Plus royaliste que le roi

Son dernier combat notarial, Claude Mineraud l’a livré face à nos chefs. Il a été, nous dit-on, offensif et a tenu le discours de celui qu’il aurait aimé devenir : le calife suprême, notaire bien sûr. Car ce personnage hors du commun a construit toute son immense ambition autour, pour et dans le notariat. Plus royaliste que le roi, sa féroce énergie, servie par une implacable soif de pouvoir, a été toute entière déployée à la plus grande gloire de notre profession. C’est précisément ce qui explique sa « sortie ». En raccourci, il s’est appuyé sur nos valeurs qu’il fait d’ailleurs totalement siennes, au premier rang desquelles la défense « tous terrains » de l’authenticité et notre position d’officier public.
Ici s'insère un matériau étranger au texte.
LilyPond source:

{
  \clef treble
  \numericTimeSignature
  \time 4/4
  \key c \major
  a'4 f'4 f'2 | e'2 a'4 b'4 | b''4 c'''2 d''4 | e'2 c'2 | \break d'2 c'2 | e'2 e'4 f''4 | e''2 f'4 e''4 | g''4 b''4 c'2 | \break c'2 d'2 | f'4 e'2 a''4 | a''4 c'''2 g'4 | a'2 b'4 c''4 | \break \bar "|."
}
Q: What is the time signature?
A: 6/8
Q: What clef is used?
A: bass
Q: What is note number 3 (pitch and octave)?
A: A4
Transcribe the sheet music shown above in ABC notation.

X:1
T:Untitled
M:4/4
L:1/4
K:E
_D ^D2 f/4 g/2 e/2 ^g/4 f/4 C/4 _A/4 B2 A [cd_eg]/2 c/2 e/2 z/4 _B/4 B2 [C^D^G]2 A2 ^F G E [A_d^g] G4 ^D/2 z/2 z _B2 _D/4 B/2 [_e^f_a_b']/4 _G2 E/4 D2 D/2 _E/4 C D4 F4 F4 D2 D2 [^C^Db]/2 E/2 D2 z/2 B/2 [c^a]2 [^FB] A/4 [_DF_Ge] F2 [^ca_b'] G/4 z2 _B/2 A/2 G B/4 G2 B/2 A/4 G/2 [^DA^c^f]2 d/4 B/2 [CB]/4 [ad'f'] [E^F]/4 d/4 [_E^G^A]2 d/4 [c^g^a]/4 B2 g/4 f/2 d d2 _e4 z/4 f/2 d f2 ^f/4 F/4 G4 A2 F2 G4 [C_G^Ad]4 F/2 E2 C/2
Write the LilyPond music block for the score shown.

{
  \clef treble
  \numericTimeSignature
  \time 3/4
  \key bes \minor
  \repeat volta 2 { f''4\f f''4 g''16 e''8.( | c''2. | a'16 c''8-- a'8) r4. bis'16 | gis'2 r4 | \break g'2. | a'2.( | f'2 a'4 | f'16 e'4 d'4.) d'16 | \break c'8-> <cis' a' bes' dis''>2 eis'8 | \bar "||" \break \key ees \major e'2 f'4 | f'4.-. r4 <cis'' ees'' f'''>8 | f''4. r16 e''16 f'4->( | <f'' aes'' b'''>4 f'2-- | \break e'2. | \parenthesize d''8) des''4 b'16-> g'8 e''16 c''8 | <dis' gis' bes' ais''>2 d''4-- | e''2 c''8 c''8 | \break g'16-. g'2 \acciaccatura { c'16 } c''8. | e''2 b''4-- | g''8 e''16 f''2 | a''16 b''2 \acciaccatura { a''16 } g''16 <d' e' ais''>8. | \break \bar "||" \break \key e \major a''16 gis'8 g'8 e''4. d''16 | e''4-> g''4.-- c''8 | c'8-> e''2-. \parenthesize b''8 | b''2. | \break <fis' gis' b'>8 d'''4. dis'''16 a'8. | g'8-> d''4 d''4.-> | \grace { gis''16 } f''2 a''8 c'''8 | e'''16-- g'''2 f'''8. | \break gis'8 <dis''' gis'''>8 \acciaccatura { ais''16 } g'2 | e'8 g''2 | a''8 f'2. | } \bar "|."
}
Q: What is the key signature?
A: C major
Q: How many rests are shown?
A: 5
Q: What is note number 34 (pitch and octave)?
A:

Il a alors reproché à son auditoire, un peu interloqué, de n’avoir pas su défendre l’acte notarié en laissant s’installer l’acte d’avocat. C’est dans la grogne et la fougue d’un refus très gaullien qu’il a quitté, non sans panache, la scène notariale. Sans doute pourrait-on lui opposer plus calmement la fameuse répartie de Talleyrand : « Tout ce qui est excessif est insignifiant… ». Claude Mineraud a pleinement épousé le notariat pour le meilleur et pour le pire. Il lui a tout donné et en a tout reçu en retour, mais aussi, hélas, dans la dernière décennie surtout, il a entraîné la profession toujours plus en avant sur des chemins de plus en plus périlleux. Mnémosyne en fut le dernier soubresaut ! Une des facettes de cet étonnant personnage ne saurait être retenue ou oubliée au profit de l’autre. Le tout dans une passion dévorante du pouvoir. L’Histoire, la nôtre, saura-t-elle retenir cette leçon ? L’ego d’un homme saurait-il, à lui tout seul, servir de providence ?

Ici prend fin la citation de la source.